Passer son temps à dormir en vacances, une perte de temps? Pas depuis que les lits intelligents, les chambres sensorielles ou les hôtels-cocons ont donné un coup de fouet au tourisme du sommeil.
Il est 7h45 samedi matin et nous n’avons guère besoin de réveil. Nous avons dormi comme un bébé pendant près de neuf heures. Il est temps de lever les stores et de profiter de la vue verdoyante offerte par l’hôtel Mix, havre bruxellois situé aux portes de la forêt de Soignes. Au lieu d’un vendredi soir endiablé dans un bar, nous nous sommes offert la nuitée Lazy Stay (dès 99 euros). Au programme: repas, bien-être (sauna, bain de glace, natation, bain de vapeur, etc.), puis lecture et enfin étirements (chaque chambre contient un tapis de yoga et des instructions). Avantage de l’établissement: tout est regroupé sous un même toit, pour que les clients ne doivent pas quitter le bâtiment. Le lendemain, histoire d’en profiter encore un peu, nous avons opté pour un départ tardif. Si on nous avait dit qu’un jour, on viendrait poser nos valises à Bruxelles dans l’unique but de bien dormir, on n’y aurait pas cru…
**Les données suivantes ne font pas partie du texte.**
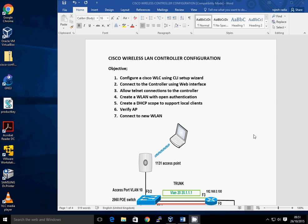Hi everyone, thank you very much for joining me. I'm going to be going through how to configure a Cisco wireless LAN controller from scratch. The objective of this lab is to configure the Cisco WLC using the CLI and the setup wizard on the CLI. Then we're going to connect onto the controller using the web interface. We're going to make some configuration changes on the WLC to allow telnet connections to the controller. We'll also create a couple of wireless LANs. To begin with, we're just going to do open authentication, just a straightforward basic setup on the wireless LAN controller.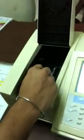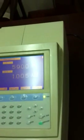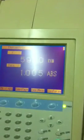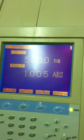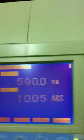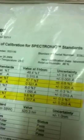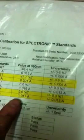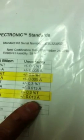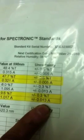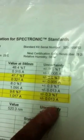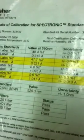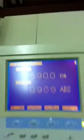There is another standard, 590, it's 10% yellow. Now the reading is 1.005. Now at 10% yellow it's 1.017 plus minus 0.013 so that's within range also as you can see.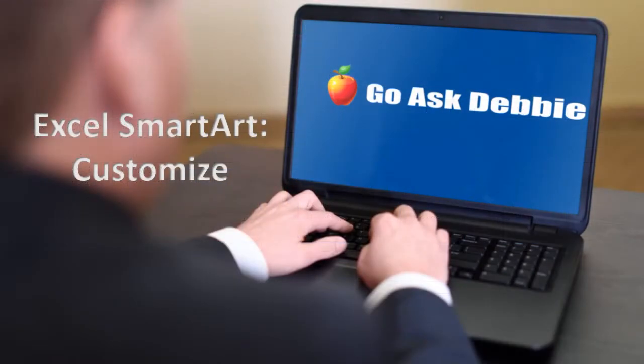Thank you for taking this session of Go Ask Debbie. For more tips like this one, be sure to subscribe to my channel.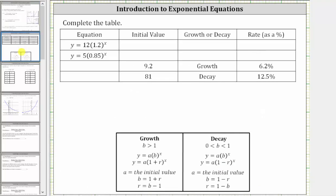We're asked to complete the table. In these first two rows, we are given the equation and asked to determine the initial value, whether we have growth or decay, and then determine the growth or decay rate as a percentage. So the first equation is y equals 12 times 1.2 raised to the power of x. Notice a is equal to 12, and therefore the initial value is 12. The base b is 1.2, which is greater than one, which means we have exponential growth.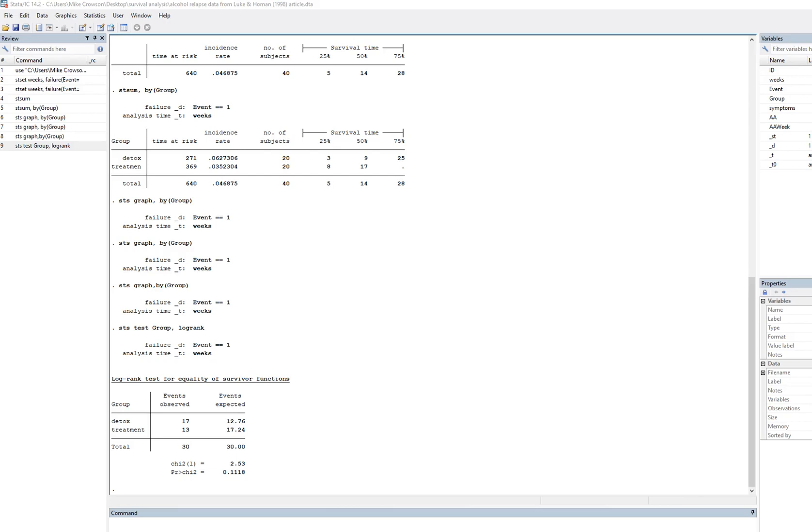In this video I'm going to demonstrate how to obtain the log rank test in order to compare two groups in terms of their survivor functions.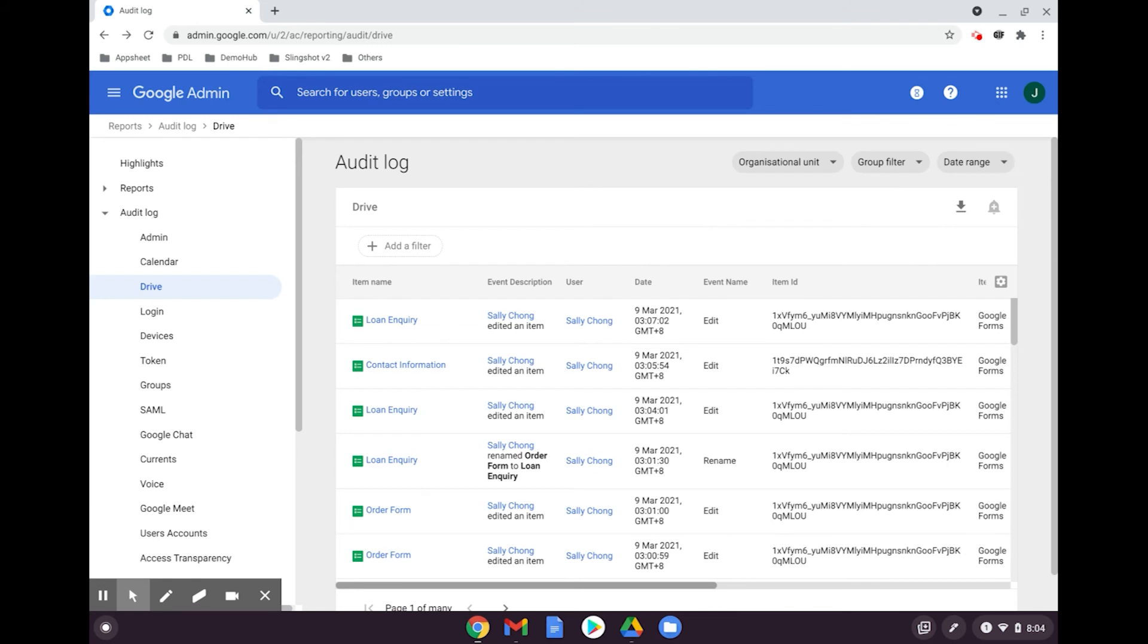Similarly, if external sharing is turned off, data will be marked as shared externally.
Le repos, une aventure en soi
En fait, notre cas n’est pas unique. Le tourisme du sommeil a le vent en poupe dans le monde entier, et les chaînes hôtelières ne font que répondre à une demande croissante pour des nuits apaisantes. Rien de surprenant. Nous sommes tous fatigués. Trop stimulés. Stressés. Toujours en action. Rien qu’en Belgique, une personne sur trois souffrirait de problèmes de sommeil, selon une étude de l’université de Louvain. Et selon une autre étude internationale menée par le géant suédois Ikea – à laquelle des Belges ont participé –, pas moins de 49% de nos compatriotes déclarent préférer bien dormir plutôt que d’assister à une activité sociale. Fait remarquable, ce pourcentage est encore plus élevé chez les jeunes de 18 à 24 ans (47%) que chez les plus de 65 ans (44%).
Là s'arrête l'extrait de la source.